## Problem
The tail of the records, from the line containing "メトリックブルー | ソケ" through the final line, should be printed exactly and on its own.

## Extracted information
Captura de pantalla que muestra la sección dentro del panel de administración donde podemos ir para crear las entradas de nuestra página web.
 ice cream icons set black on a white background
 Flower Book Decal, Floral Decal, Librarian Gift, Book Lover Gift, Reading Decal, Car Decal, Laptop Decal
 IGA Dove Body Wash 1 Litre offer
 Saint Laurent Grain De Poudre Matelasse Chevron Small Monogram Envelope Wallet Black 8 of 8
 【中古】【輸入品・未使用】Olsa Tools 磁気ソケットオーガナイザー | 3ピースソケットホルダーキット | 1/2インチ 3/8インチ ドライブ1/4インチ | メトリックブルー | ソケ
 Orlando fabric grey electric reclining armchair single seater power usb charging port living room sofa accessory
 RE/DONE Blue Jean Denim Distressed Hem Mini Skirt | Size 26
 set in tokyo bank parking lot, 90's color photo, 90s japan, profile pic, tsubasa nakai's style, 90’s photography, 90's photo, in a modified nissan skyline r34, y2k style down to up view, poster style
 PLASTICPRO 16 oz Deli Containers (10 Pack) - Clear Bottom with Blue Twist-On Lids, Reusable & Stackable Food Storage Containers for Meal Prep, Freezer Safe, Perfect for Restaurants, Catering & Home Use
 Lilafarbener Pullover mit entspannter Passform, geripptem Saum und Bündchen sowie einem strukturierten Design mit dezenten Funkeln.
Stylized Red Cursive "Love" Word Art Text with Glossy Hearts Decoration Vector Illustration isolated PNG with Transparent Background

## Your response
 【中古】【輸入品・未使用】Olsa Tools 磁気ソケットオーガナイザー | 3ピースソケットホルダーキット | 1/2インチ 3/8インチ ドライブ1/4インチ | メトリックブルー | ソケ
 Orlando fabric grey electric reclining armchair single seater power usb charging port living room sofa accessory
 RE/DONE Blue Jean Denim Distressed Hem Mini Skirt | Size 26
 set in tokyo bank parking lot, 90's color photo, 90s japan, profile pic, tsubasa nakai's style, 90’s photography, 90's photo, in a modified nissan skyline r34, y2k style down to up view, poster style
 PLASTICPRO 16 oz Deli Containers (10 Pack) - Clear Bottom with Blue Twist-On Lids, Reusable & Stackable Food Storage Containers for Meal Prep, Freezer Safe, Perfect for Restaurants, Catering & Home Use
 Lilafarbener Pullover mit entspannter Passform, geripptem Saum und Bündchen sowie einem strukturierten Design mit dezenten Funkeln.
Stylized Red Cursive "Love" Word Art Text with Glossy Hearts Decoration Vector Illustration isolated PNG with Transparent Background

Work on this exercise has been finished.